Quelques instants plus tard, un second obus a frappé une autre échoppe, tuant encore trois personnes. "L'obus a explosé au milieu de la foule, a tué trois civils et en a blessé sept grièvement", a indiqué Beq Omar, un pharmacien du quartier.
Le bilan a été confirmé par un autre témoin, Haji Ibrahim, expliquant que les victimes avaient été déchiquetées par les explosions.
"C'était horrible (...) L'explosion a taillé les gens en pièces (...) Nous ne savons pas d'où venaient les tirs", a-t-il ajouté.
Un correspondant de l'AFP a vu un bus rempli de blessés prendre la direction de l'hôpital Medina, où trois personnes sont mortes des suites de leurs blessures dans la journée, selon des médecins.
Une quarantaine de personnes touchées par les deux explosions ont été hospitalisées dans cet établissement.
"Deux autres personnes sont mortes de leurs blessures", a indiqué un des médecins de l'hôpital, Hassan Osman Burane.
"Cette journée est l'une des plus sanglantes depuis un mois", a affirmé un autre médecin de l'établissement, Othman Bentai, après la mort d'un troisième blessé.
Quelques heures avant l'attaque contre le marché, des combats avaient opposé des rebelles islamistes aux forces gouvernementales soutenues par l'Ethiopie.
Trois personnes, selon des témoins, ont été tuées dans ces combats qui ont éclaté dans le sud de Mogadiscio.
Tôt jeudi matin, deux civils avaient été tués par des tirs dans les quartiers de Yaqshid et Gupta, selon des habitants.
La capitale somalienne est le théâtre de violences quasi-quotidiennes, particulièrement meurtrières pour les civils, depuis la mise en déroute des tribunaux islamiques fin décembre 2006-début 2007 par l'armée éthiopienne, intervenue aux côtés des forces de sécurité du gouvernement de transition somalien.
Ces violences opposent des insurgés, parmi lesquels se trouvent des combattants islamistes, aux forces gouvernementales et éthiopiennes. Le quartier du grand marché de Bakara est particulièrement touché par ces affrontements.

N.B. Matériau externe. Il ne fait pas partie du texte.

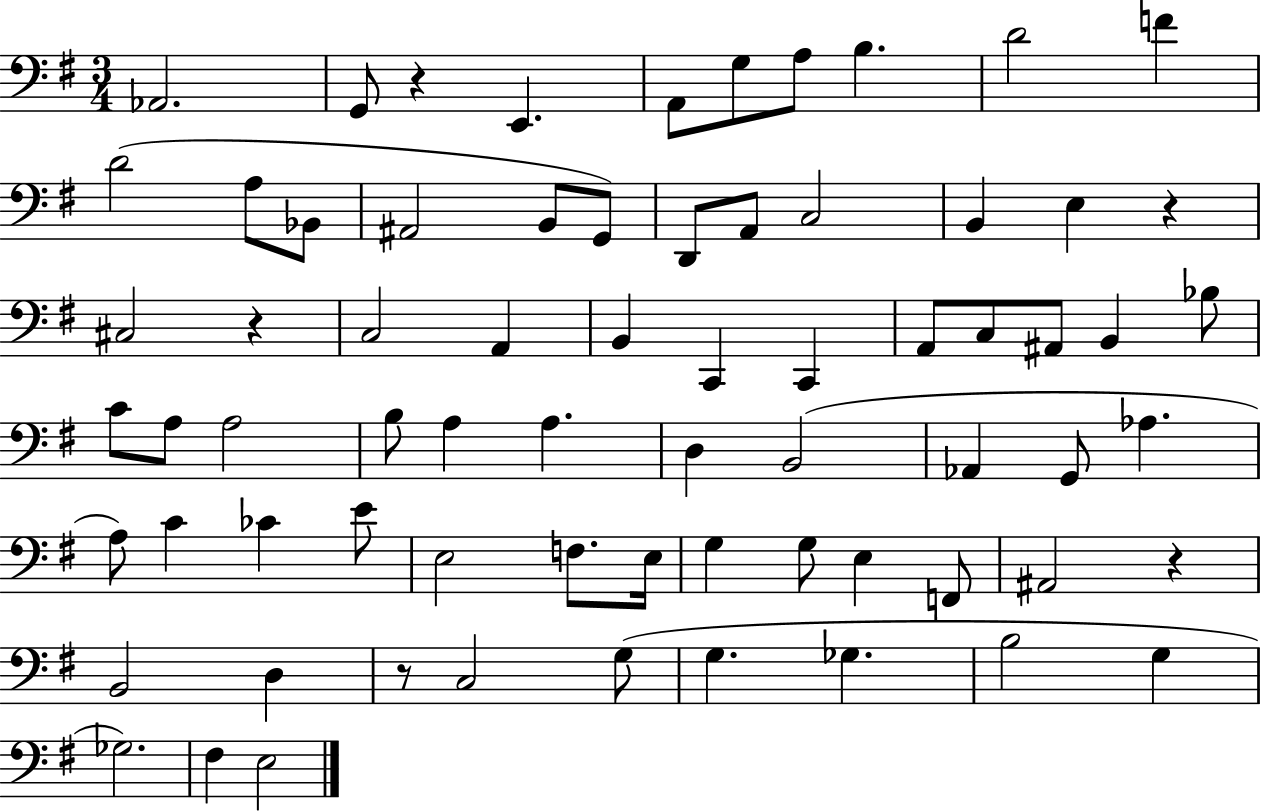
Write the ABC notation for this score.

X:1
T:Untitled
M:3/4
L:1/4
K:G
_A,,2 G,,/2 z E,, A,,/2 G,/2 A,/2 B, D2 F D2 A,/2 _B,,/2 ^A,,2 B,,/2 G,,/2 D,,/2 A,,/2 C,2 B,, E, z ^C,2 z C,2 A,, B,, C,, C,, A,,/2 C,/2 ^A,,/2 B,, _B,/2 C/2 A,/2 A,2 B,/2 A, A, D, B,,2 _A,, G,,/2 _A, A,/2 C _C E/2 E,2 F,/2 E,/4 G, G,/2 E, F,,/2 ^A,,2 z B,,2 D, z/2 C,2 G,/2 G, _G, B,2 G, _G,2 ^F, E,2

Le marché, ancien poumon économique de la ville, est en partie un champ de ruines.
Les civils sont pris en otages dans ces combats, où l'artillerie est souvent utilisée tant par les insurgés que par l'armée éthiopienne.
Selon l'ONU, plus de 600.000 des quelque un million d'habitants de Mogadiscio ont quitté la ville depuis le début de l'année en raison des combats.